The family of land beaver moved from under the barn – a recent party may have scared them off – but are nearby. As we watched from the kitchen yesterday afternoon, an adult came right up the front walk and around the house on some errand.

The thistles, those I missed with the spade, are flowering so I've been out with a machete to decapitate them before they can go to seed. This took me for the first time into the interior of the 11-acre terraced field, where the alfalfa and clover have grown chest high and are making the bees very happy, or at least very busy. I believe even a diligent search would now find very few flowering thistles on the property.

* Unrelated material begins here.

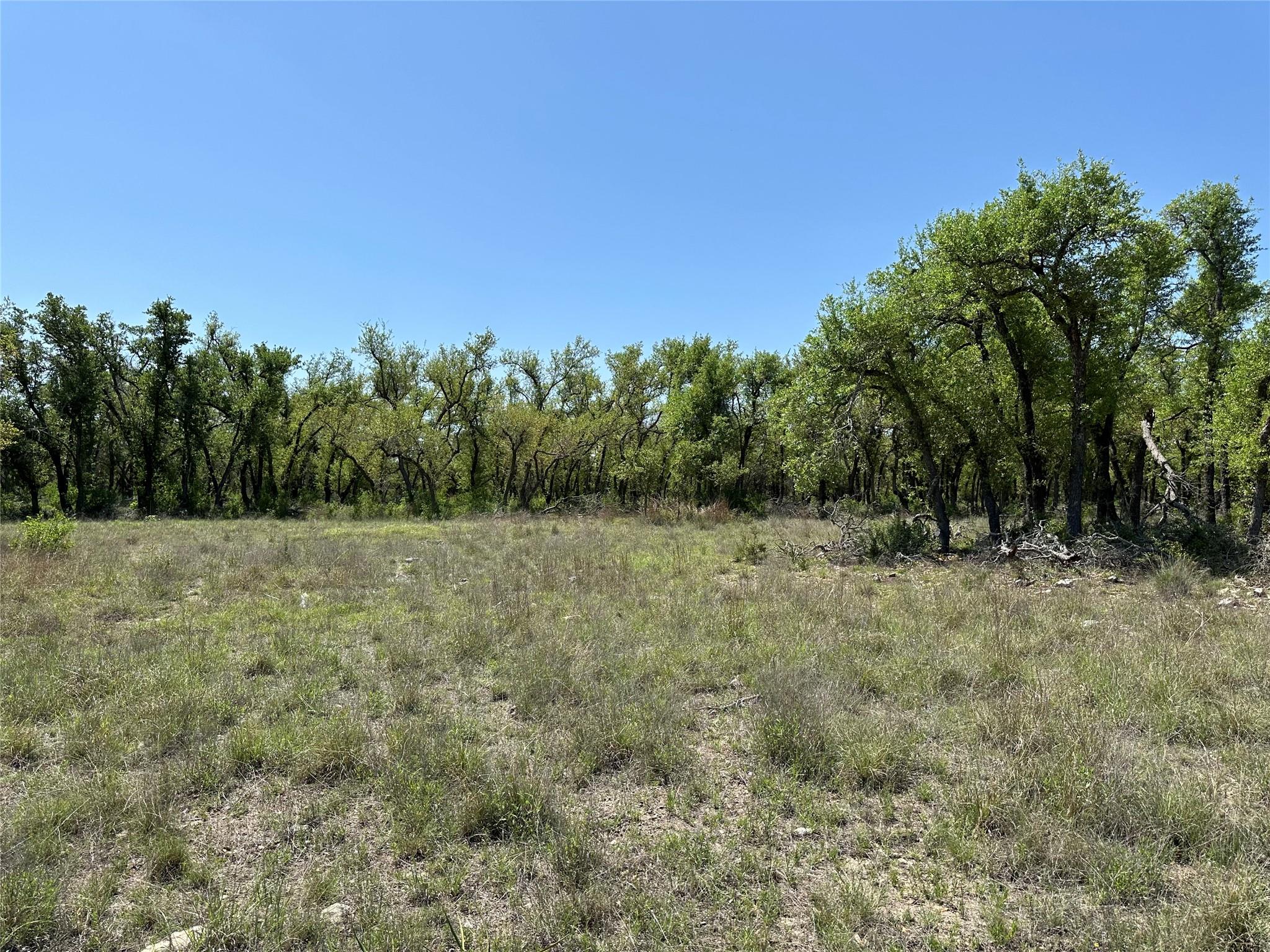 Lot 106 E Flying Owl Drive Johnson City TX 78636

Yesterday morning we drove up to Moscow for a load of manure and soiled bedding from the farm of a horse-raising acquaintance. It was dry and well-composted with no objectionable odor, and now awaits incorporation into the garden soil for the second planting, which we'll do this week. Tilth! Fertility!

Thursday, June 7, 2012

Good Fences Make Good Neighbors

No one here got a very good sleep last night due to the incessant bellowing of a cow somewhere along the north fenceline. There's a skeleton next to the creek on our place that speaks to the possibility of cows getting caught in fences, or foundering in mud and water, or getting sick and being brought down by predators. It was so loud, and sounded so unhappy, that I seriously considered getting dressed and going out with a flashlight to see what I could find. Don't the owners account for their animals at night? Would one deliberately leave a single member of a herd at the back of a remote wooded pasture?

It's a mystery.

How does one become a farmer? Either you pick up the skills from your forebears, or you partner with an experienced farmer, or you just figure it out on your own. We're half a generation removed – our father farmed with his father until his early twenties, then became an academic and international consulting engineer. I, too, have degrees in agricultural engineering, but they're not degrees in farming. I've gardened intensively, but that's not farming, and it doesn't scale up. Permaculture offers a path from the one to the other, and that's where we're at.

(Oh! There goes a firefly.)

So then, we read our books and manuals, talk to the agency folk and anyone else with experience, and make a practice of trial and error.

Today saw the completion of the rabbit fencing around the vegetable gardens, with 5-foot wide gates that will admit the little tractor if necessary. If we've done it right, we'll stop cursing and once again celebrate the crepuscular bunny parties.


Research continues into biochar and synfuel production through pyrolysis of wood chips. I need to take a welding class.

Wednesday, June 6, 2012

This and That

Venus' solar transit was obscured but these skies were also surely something I won't see again in my lifetime.




The vegetable gardens are not yet fully enclosed by fencing but already overnight the rabbits burrowed beneath one completed section, and deer knocked down another. I'm thinking bloody thoughts. Could the Dalai Lama be a farmer?

Sunday, June 3, 2012

Incremental Progress

A trip to Menard's and the dock deck is now fitted with a beach umbrella.


The east garden has most of its rabbit fence installed, all but a gate, and both gardens should be protected in another day or two. Effectively? We'll see.


A second rain barrel has been plumbed and with the new stand we'll have enough head to water the top of the west garden.


The front yard is looking fine.


Research continues into U.K. West Country style cider and the special varieties of apple that make them: sweet, bittersweet, sharp, and bittersharp. Typically, a cider is made from a single type of apple and then several ciders are blended to produce a commercial product. Everywhere but the U.S. the term cider means "hard cider" and non-alcoholic cider is just apple juice. Our taste testing of currently available U.S. offerings continues as well, and the big challenge seems to be making a cider that one wants another after the first – most are made from dessert apples and are too sweet for hop-loving craft beer drinkers.